Leave out the pictures and return every entry exactly as it appears.

────────────────────────────────────────

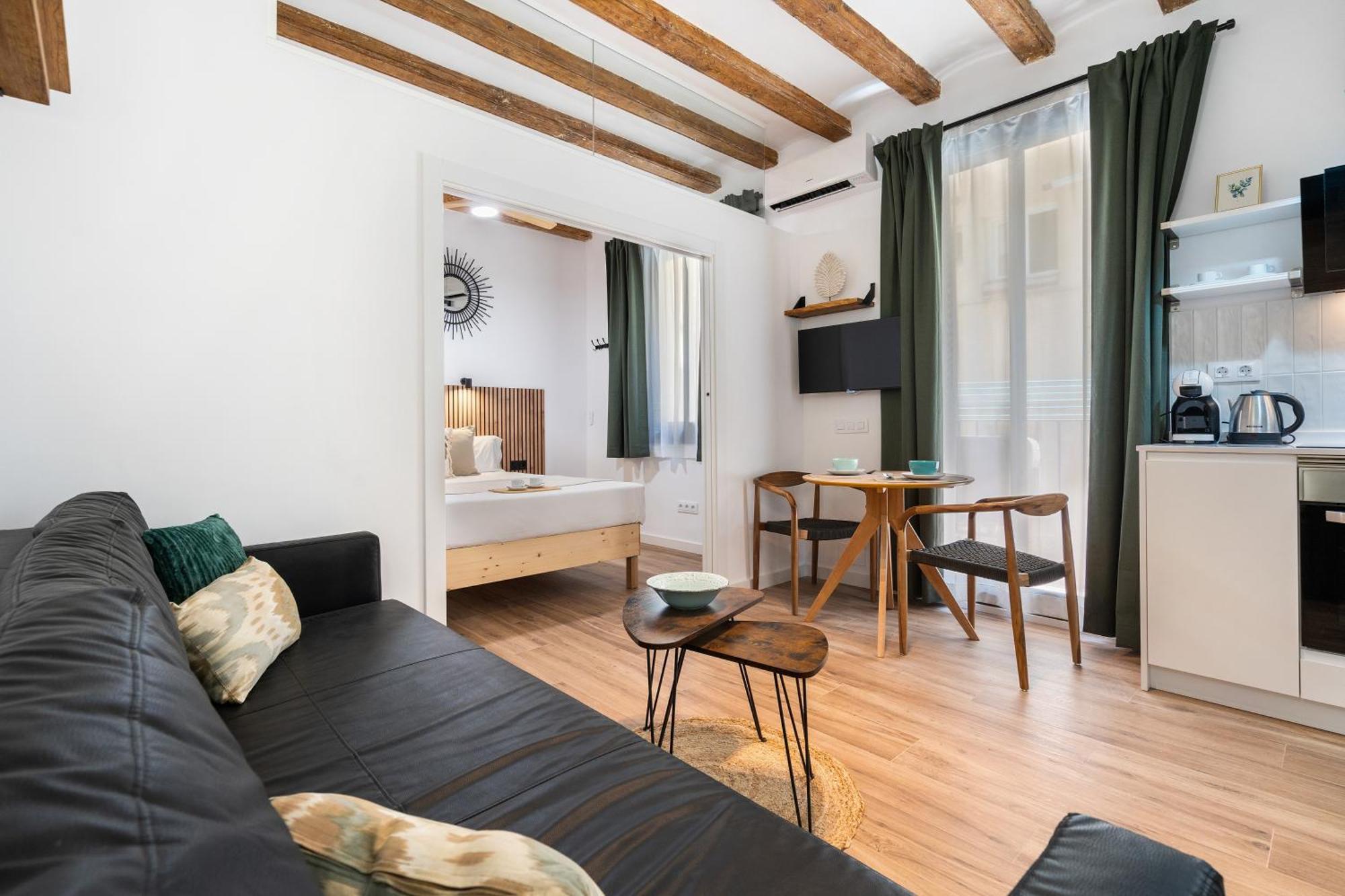 Almirall 21 Appartement Barcelone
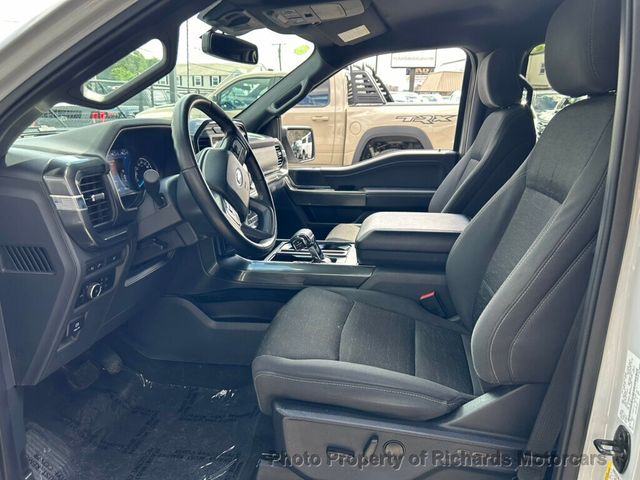 2023 Ford F-150 XLT 4WD SuperCrew 6.5' Box - 23043037 - 9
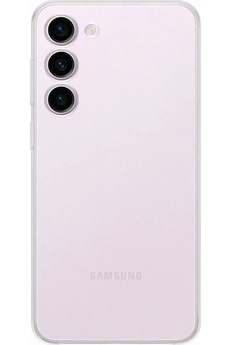 Coque et étui téléphone mobile Samsung Coque transparente S23+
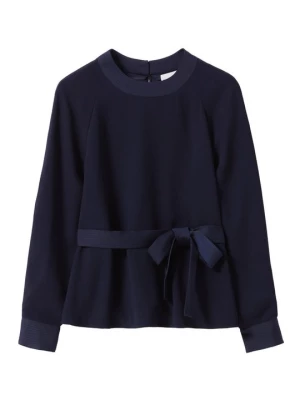 Obrázek produktu Blůza CLAUDIE PIERLOT tmavě modrá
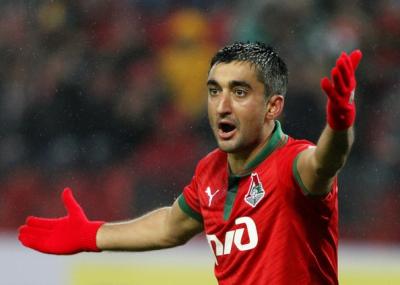 Aleksandr Səmədov əvəzedici heyətdə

────────────────────────────────────────

[Written response]
 Almirall 21 Appartement Barcelone
 2023 Ford F-150 XLT 4WD SuperCrew 6.5' Box - 23043037 - 9
 Coque et étui téléphone mobile Samsung Coque transparente S23+
 Obrázek produktu Blůza CLAUDIE PIERLOT tmavě modrá
 Aleksandr Səmədov əvəzedici heyətdə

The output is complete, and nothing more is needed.